> _PROMPT_
A verbatim copy of the full data, with no pictures, is the expected answer.

> _SUPPLIED INFORMATION_
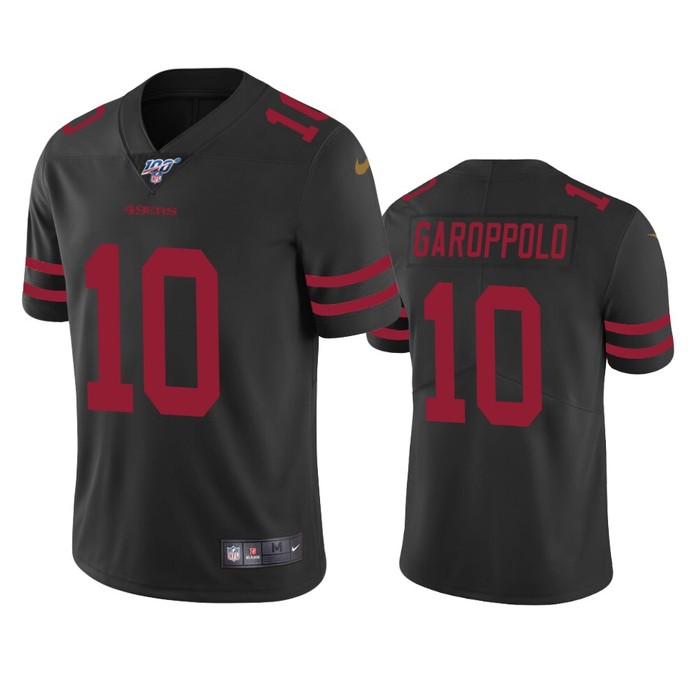 San Francisco 49ers Jimmy Garoppolo Black 100th Season Vapor Limited Jersey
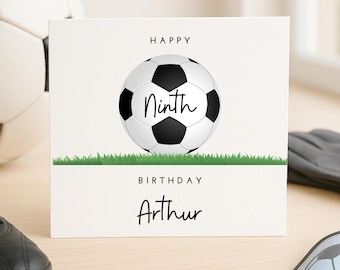 Carte d'anniversaire de football pour garçon, carte de football personnalisée pour 9e anniversaire, carte d'anniversaire pour enfants sur le thème du sport, carte d'anniversaire pour 9e anniversaire de garçon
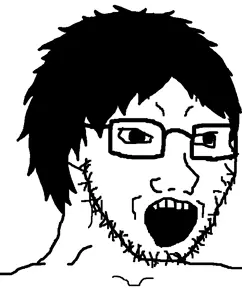 soyak, 1soyjak, black hair, forehead lines, glasses, hair, long hair, looking to the right, messy hair, open mouth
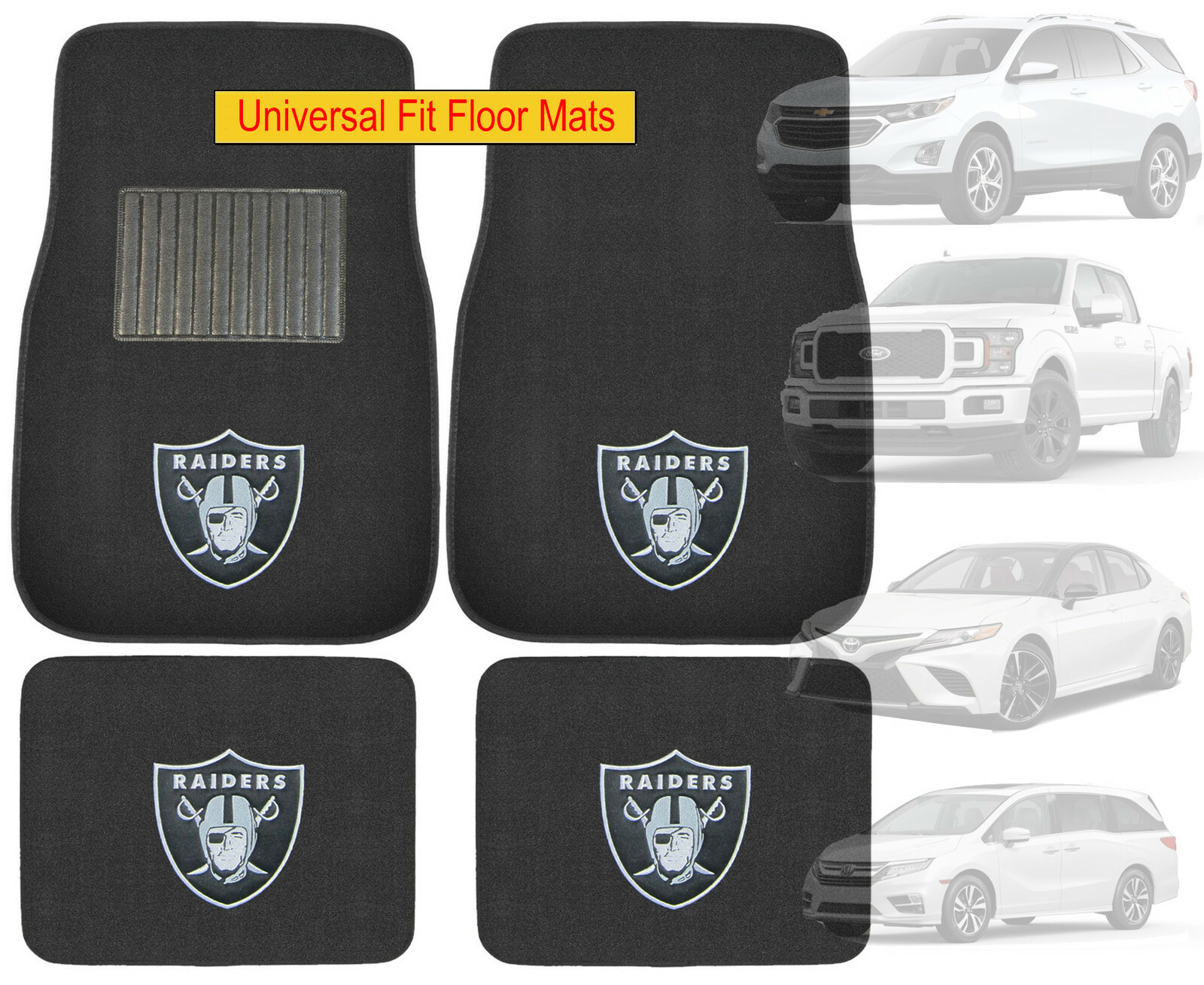 4PC NFL Oakland Raiders Car Truck Black All Weather Carpet Floor Mats Set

> _OUTPUT_
 San Francisco 49ers Jimmy Garoppolo Black 100th Season Vapor Limited Jersey
 Carte d'anniversaire de football pour garçon, carte de football personnalisée pour 9e anniversaire, carte d'anniversaire pour enfants sur le thème du sport, carte d'anniversaire pour 9e anniversaire de garçon
 soyak, 1soyjak, black hair, forehead lines, glasses, hair, long hair, looking to the right, messy hair, open mouth
 4PC NFL Oakland Raiders Car Truck Black All Weather Carpet Floor Mats Set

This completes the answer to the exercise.